# PROBLEM STATEMENT:
The copy you produce must hold every record exactly, and none of the images.

# Captioned web images:
==========
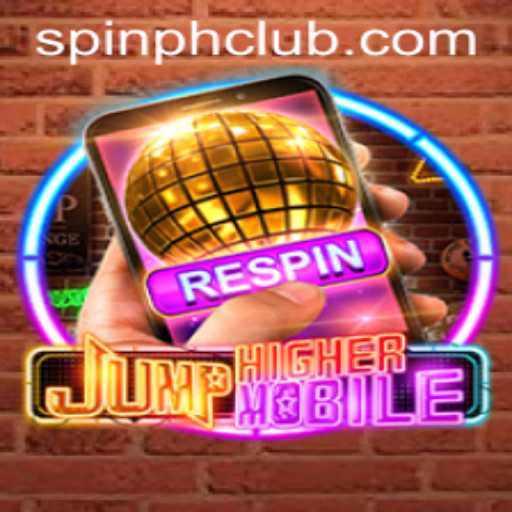 Exploring JumpHighermobile: A Captivating New Adventure with PHSpin Login Importance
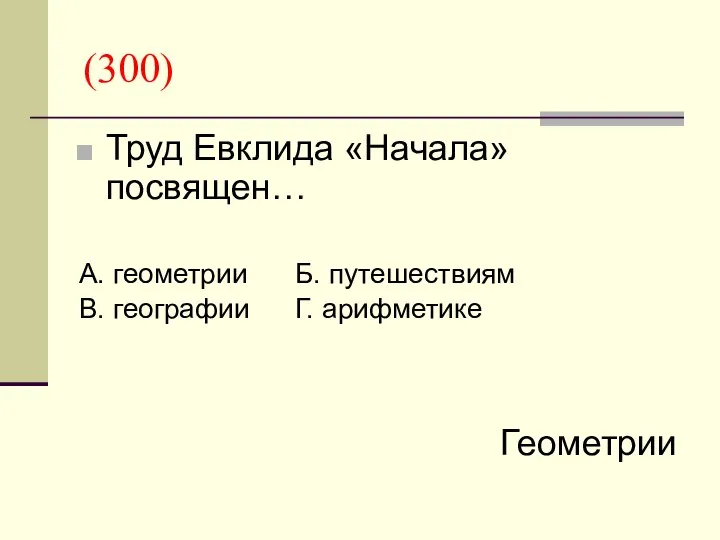 (300) Труд Евклида «Начала» посвящен… А. геометрии Б. путешествиям В. географии Г. арифметике Геометрии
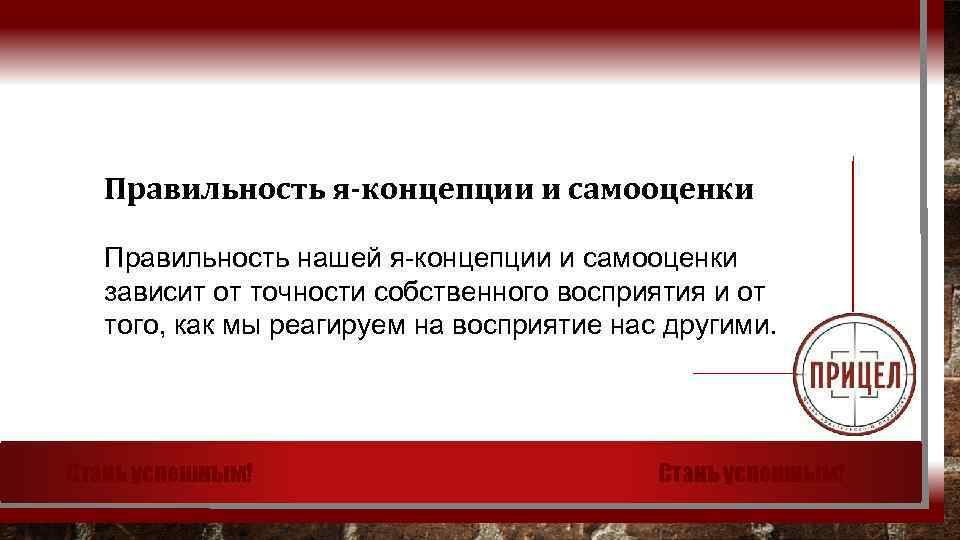 Правильность я-концепции и самооценки Правильность нашей я-концепции и самооценки зависит от точности собственного восприятия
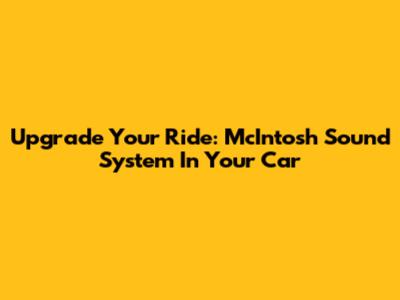 Upgrade Your Ride: McIntosh Sound System In Your Car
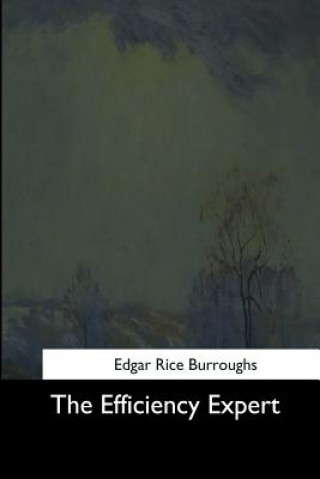 Knjiga The Efficiency Expert Edgar Rice Burroughs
==========
# RESPONSE TO THIS EXERCISE:
 Exploring JumpHighermobile: A Captivating New Adventure with PHSpin Login Importance
 (300) Труд Евклида «Начала» посвящен… А. геометрии Б. путешествиям В. географии Г. арифметике Геометрии
 Правильность я-концепции и самооценки Правильность нашей я-концепции и самооценки зависит от точности собственного восприятия
 Upgrade Your Ride: McIntosh Sound System In Your Car
 Knjiga The Efficiency Expert Edgar Rice Burroughs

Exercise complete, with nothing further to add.